▸ **What the task asks**: Please set down, with no changes, every line of the material below from the one containing "thumbnail image 1" through the end. Skip the pictures.

*****

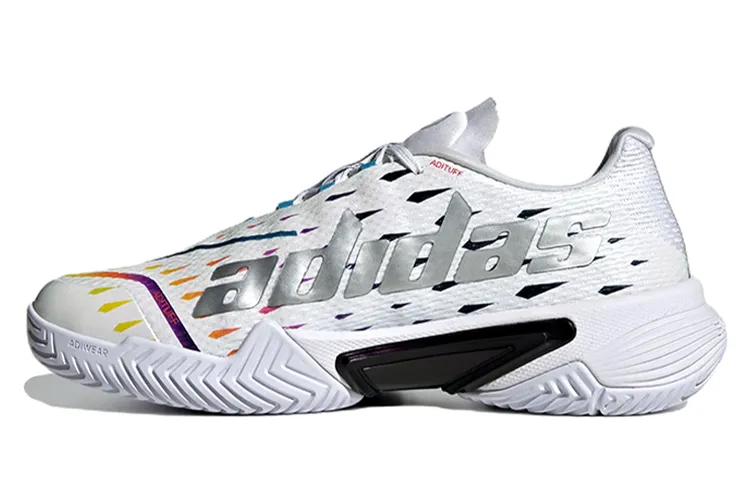Adidas Barricade Cloud White Silver Metallic Bright Cyan Women's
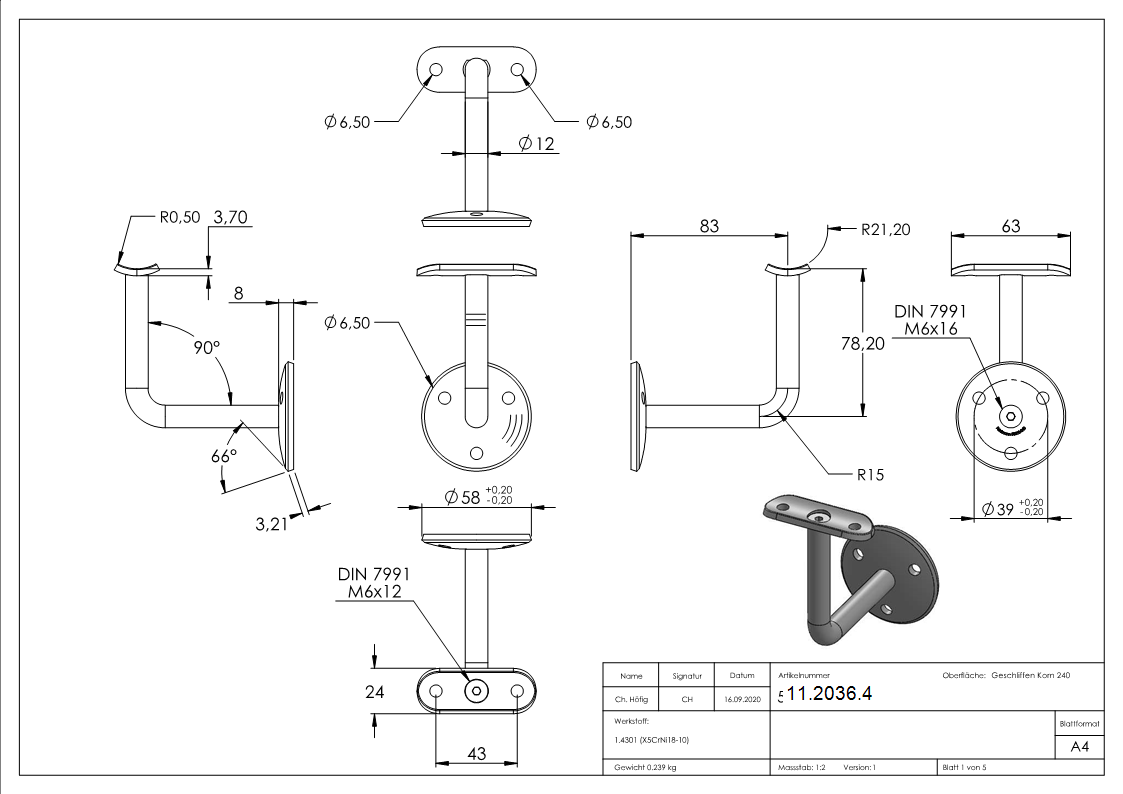 Handlaufhalter mit Ronde 58x4 mm und Halteplatte für Ø 42,4 mm V2A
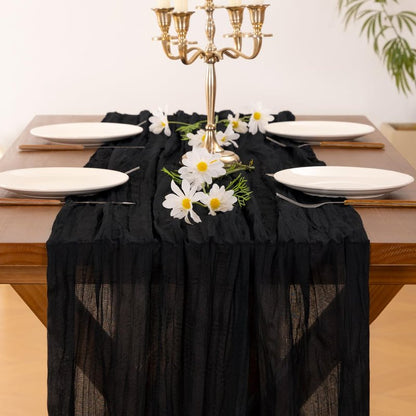 Socomi 10pcs Black Cheesecloth Table Runner Boho Rustic Gauze Summer 120 inch 10FT Cheese Cloth Sheer Runner for Wedding Party Baby Shower Birthday Home Decor Holiday Decorations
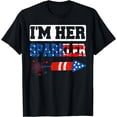 thumbnail image 1 of I'm Her Sparkler 4th Of July American Pride Matching Couple T-Shirt, 1 of 4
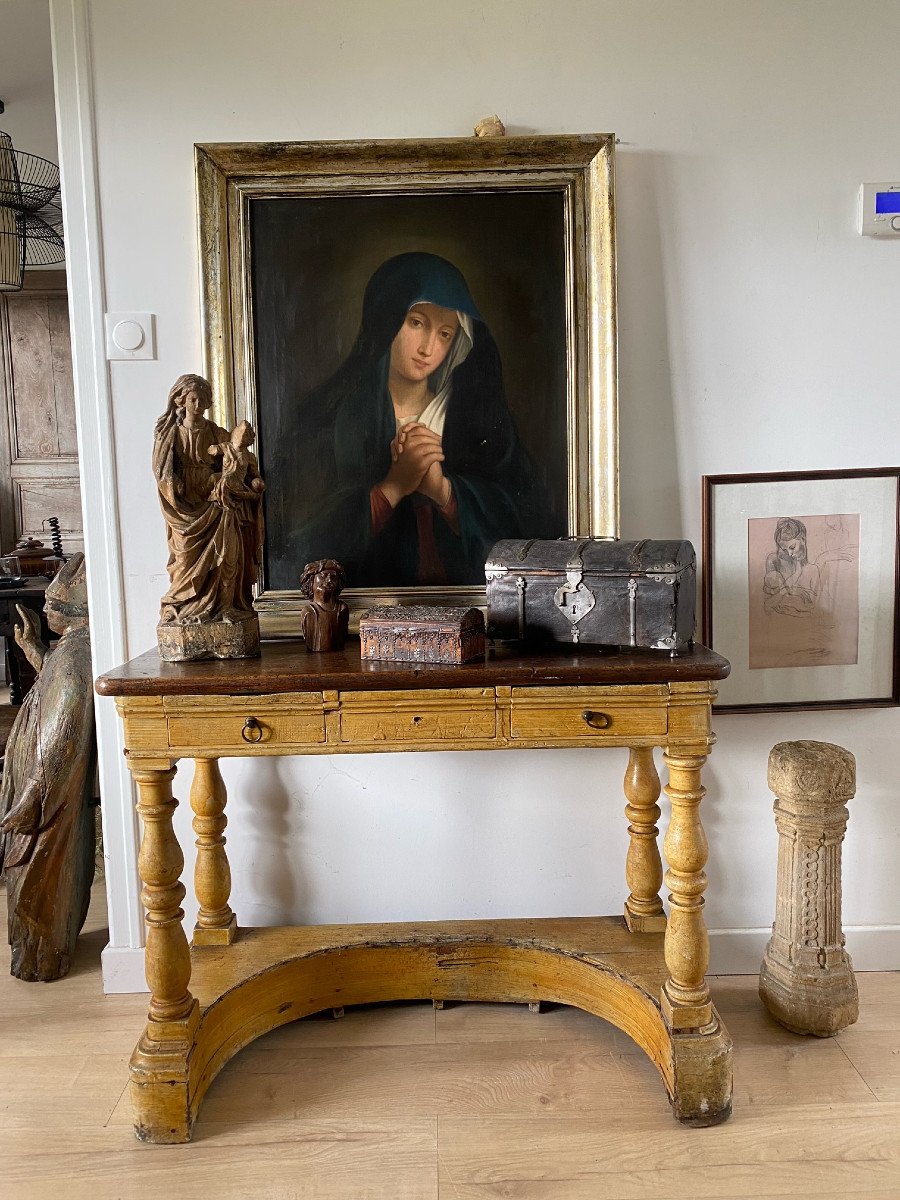 Virgin And Child - Alabaster - 17th Century -photo-5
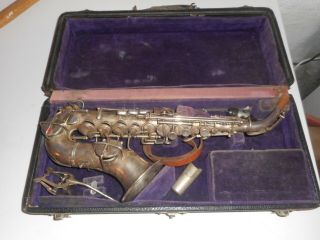 Vtg Conn Pan - American Silver Plated Small Saxophone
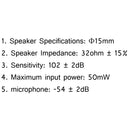 5x Headset Earpiece Earphone 2 Pin Mic For Baofeng Walkie Radio UV 5R BF 888s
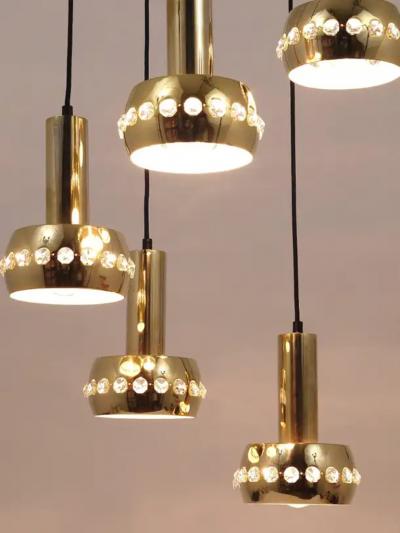  Bakalowits Sohne Bakalowits Brass Crystals Cascade Five Arm Chandelier Pendant Light Austria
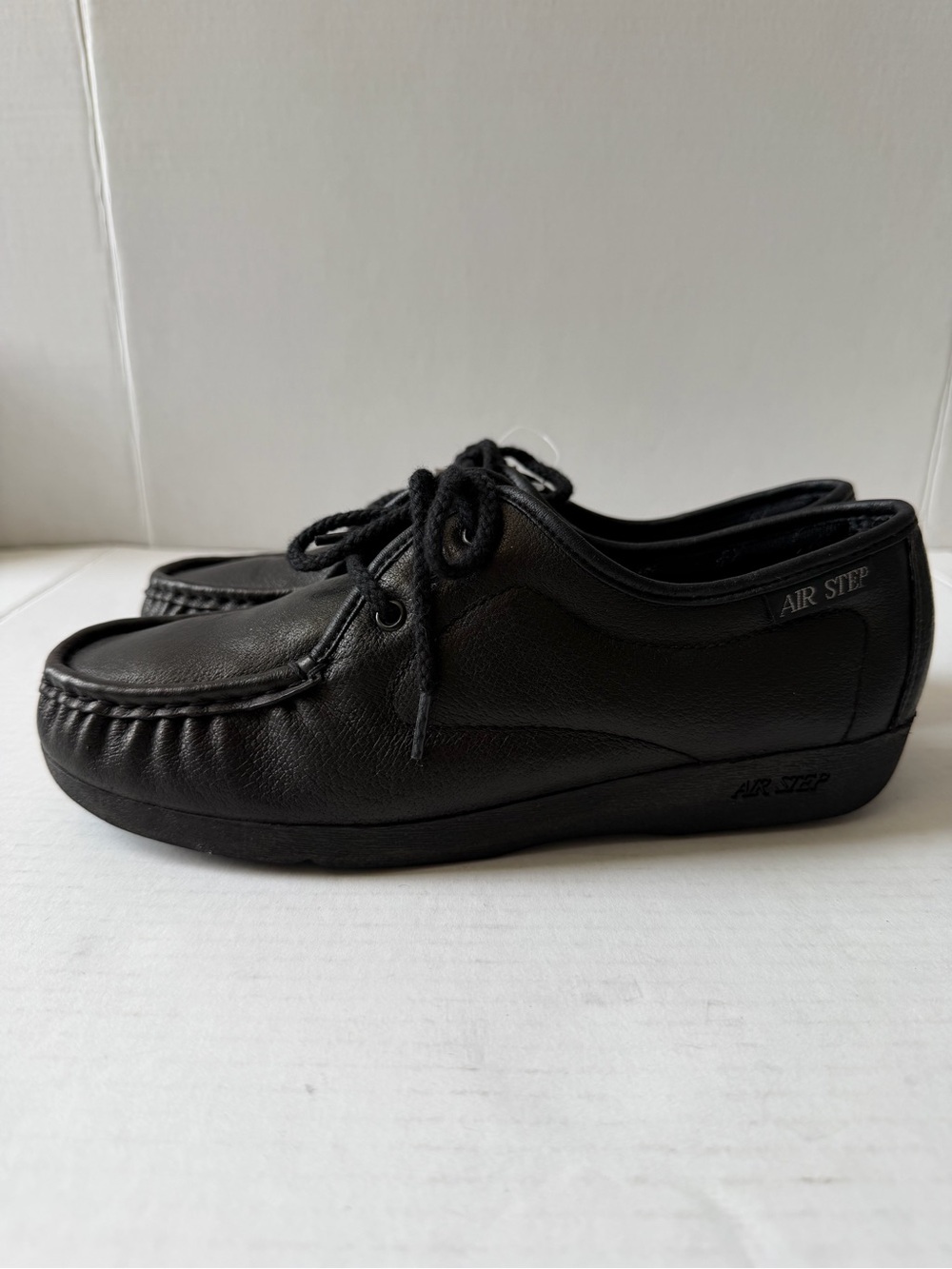 Air step women Black Leather Slip-On Comfort Loafer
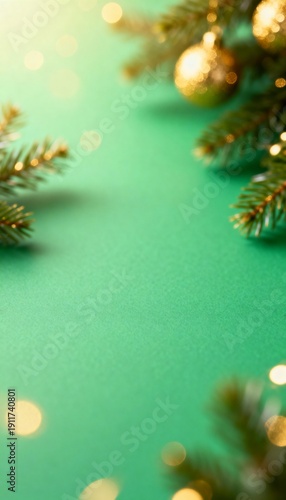 Vertical Christmas background with fir branches and golden ornaments. Festive holiday season with bokeh lights and copy space for text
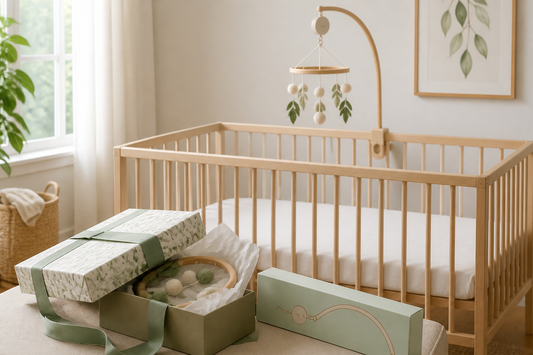 Wrapped newborn gift with a nursery mobile beside a clear cot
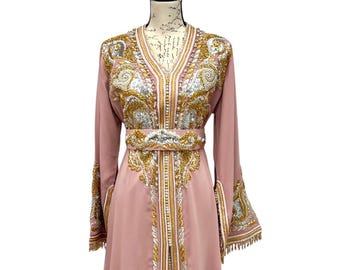 Moroccan Blush Caftan, Beaded with Gold & Silver Embroidery, Wedding Kaftan, Nikkah and special occasions.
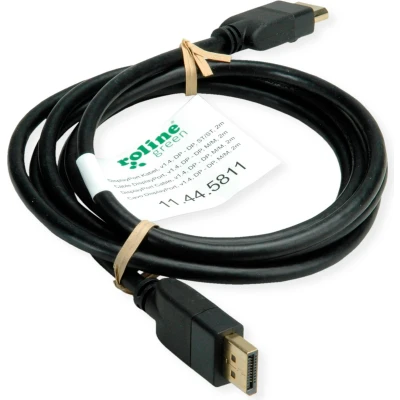 Afbeelding van ROLINE GREEN DisplayPort kabel, v1.4, DP m M, zwart, 1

*****

▸ **Answer for the task**:
 thumbnail image 1 of I'm Her Sparkler 4th Of July American Pride Matching Couple T-Shirt, 1 of 4
 Virgin And Child - Alabaster - 17th Century -photo-5
 Vtg Conn Pan - American Silver Plated Small Saxophone
 5x Headset Earpiece Earphone 2 Pin Mic For Baofeng Walkie Radio UV 5R BF 888s
  Bakalowits Sohne Bakalowits Brass Crystals Cascade Five Arm Chandelier Pendant Light Austria
 Air step women Black Leather Slip-On Comfort Loafer
 Vertical Christmas background with fir branches and golden ornaments. Festive holiday season with bokeh lights and copy space for text
 Wrapped newborn gift with a nursery mobile beside a clear cot
 Moroccan Blush Caftan, Beaded with Gold & Silver Embroidery, Wedding Kaftan, Nikkah and special occasions.
 Afbeelding van ROLINE GREEN DisplayPort kabel, v1.4, DP m M, zwart, 1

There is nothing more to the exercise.